I have tried malloc when I do the sprintf but it would not even compile at that point. If someone could offer an explanation I'd be appreciative.
The problem here is that proNames is an array of pointers, but they are
uninitialized, so passing it to sprintf to write something, will crash. You
would have either use a double array or allocate memory with malloc.
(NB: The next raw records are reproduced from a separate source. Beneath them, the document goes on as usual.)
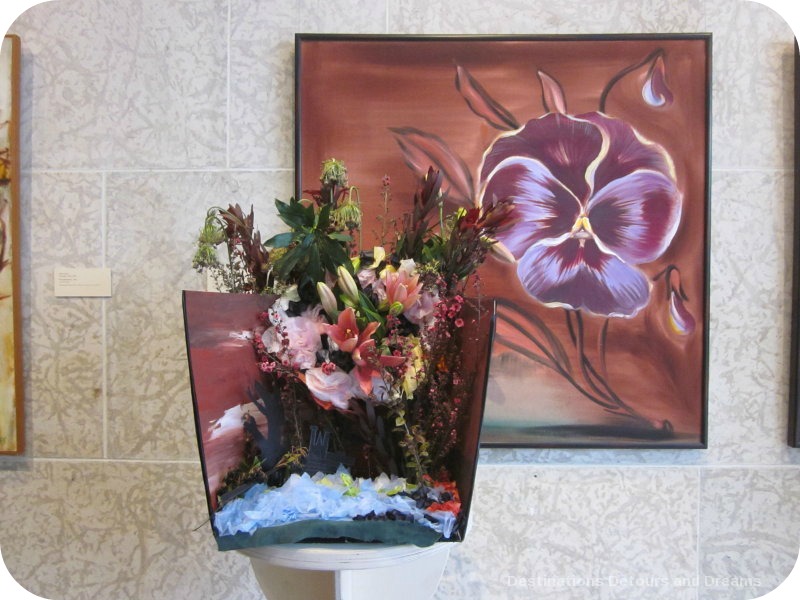 Art in Bloom: a floral display inspired by art at the Winnipeg Art Gallery: design by Art City inspired by "Untitled" by Wando Kopp from her Postcards from Paris series
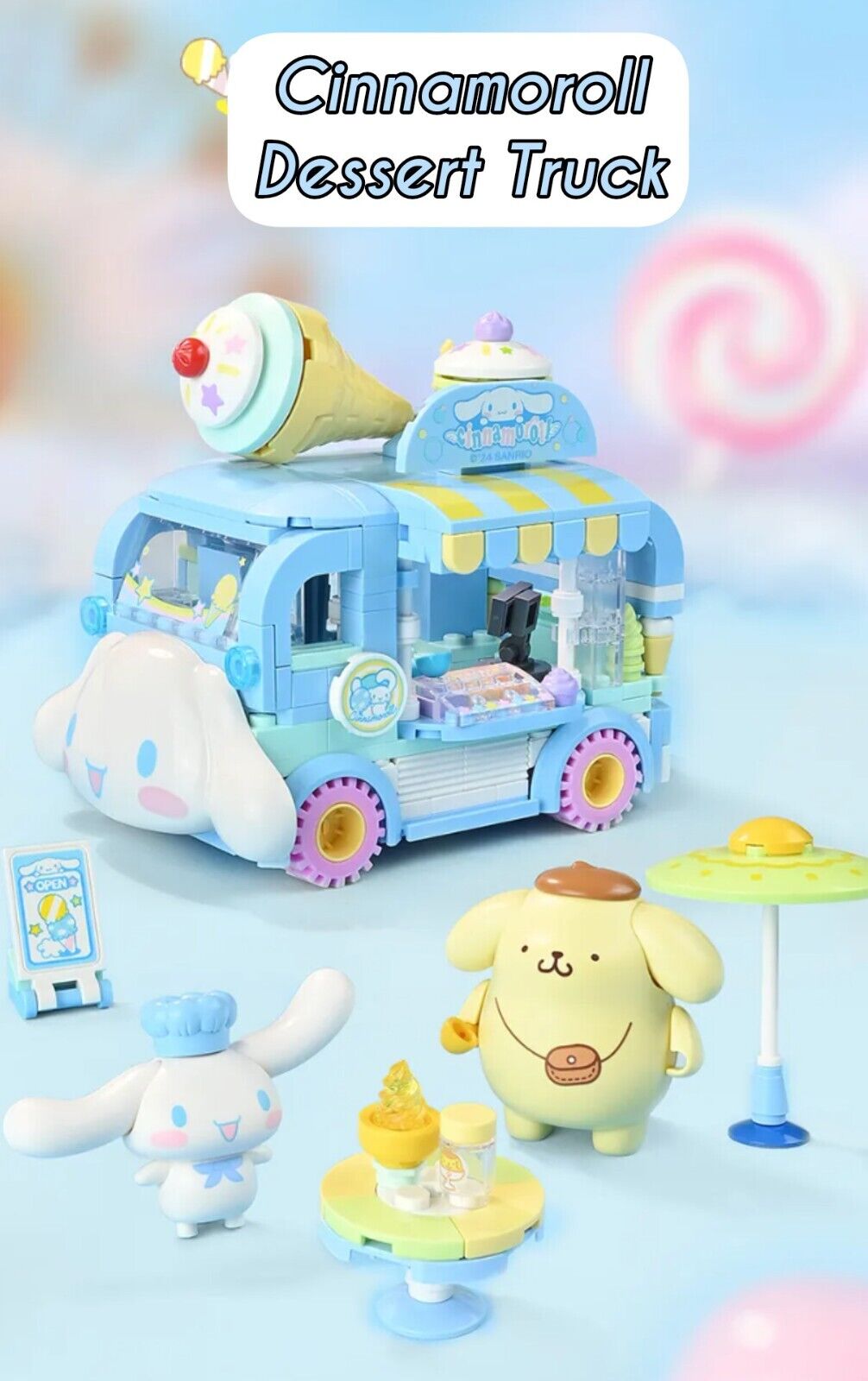 š Genuine Sanrio Characters Delicious Food Trucks Building Block Set Toy NEW š¦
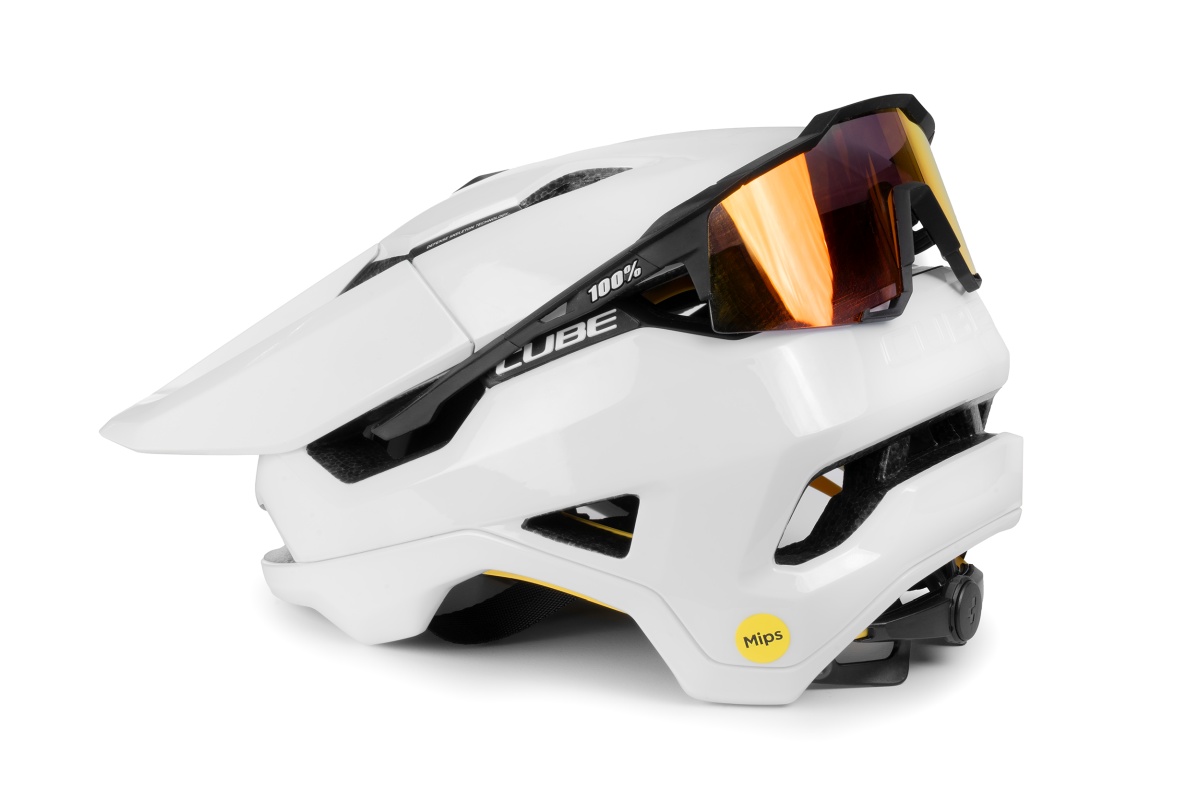 Cube Trooper Mips MTB Helm weiß 2027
But as
you are only printing integers and the string representatuion of integers has a
maximal length, allocating memory with malloc will be more harder, because you
have to check that malloc doesn't return NULL, you have to free the memory
later, etc.
So I'd do:
char proNames[numPro][30]; // 28 characters for an int (usually 4 bytes long)
// should be more than enough
//Retrieves process time from user
for (i = 0; i < numPro; i++){
printf("Enter execution time for process %d: ", i);
scanf("%d", proTime + i);
sprintf(proNames[i], "p%d", i);
}
Your removeProcessN would need to change as well:
void removeProcessN(int numElem, int elem, int dim, char (*array)[dim]) {
for(int i = elem; i < numElem - 1; ++i)
strcpy(array[i], array[i+1]);
array[numElem - 1][0] = 0; // setting last element to empty string
}
Note that I moved the array argument at the last position, otherwise numElem
is not known and the compiler would return an error.
And now you can call it like this:
removeProcessN(elemNum, numPro, 30, proNames);
The 30 comes from the char proNames[numProp][30]; declaration.
I'd like to comment on the last line of your function removeProcessN:
//End by setting the pointer of array to the temparray
array = temparray;
That is not correct, first because temparray is local variable and ceases to
exist when the function returns. And array is local variable in the function,
so changing it doesn't affect anybody.
The alternative with memory allocation would look like this:
char *proNames[numPro];
//Retrieves process time from user
for (i = 0; i < numPro; i++){
printf("Enter execution time for process %d: ", i);
scanf("%d", proTime + i);
int len = snprintf(NULL, 0, "p%d", i);
proNames[i] = malloc(len + 1);
if(proNames[i] == NULL)
{
// error handling, free the previously allocated
// memory, and return/exit
}
sprintf(proNames[i], "p%d", i);
}
and removeProcessN:
void removeProcessN(char **array, int numElem, int elem) {
char *to_remove = array[elem];
for(int i = elem; i < numElem - 1; ++i)
array[i] = array[i+1];
free(to_remove);
array[numElem - 1] = NULL; // setting last element to NULL
// makes freeing easier as
// free(NULL) is allowed
}
And the way you originally called the removeProcessN would be OK.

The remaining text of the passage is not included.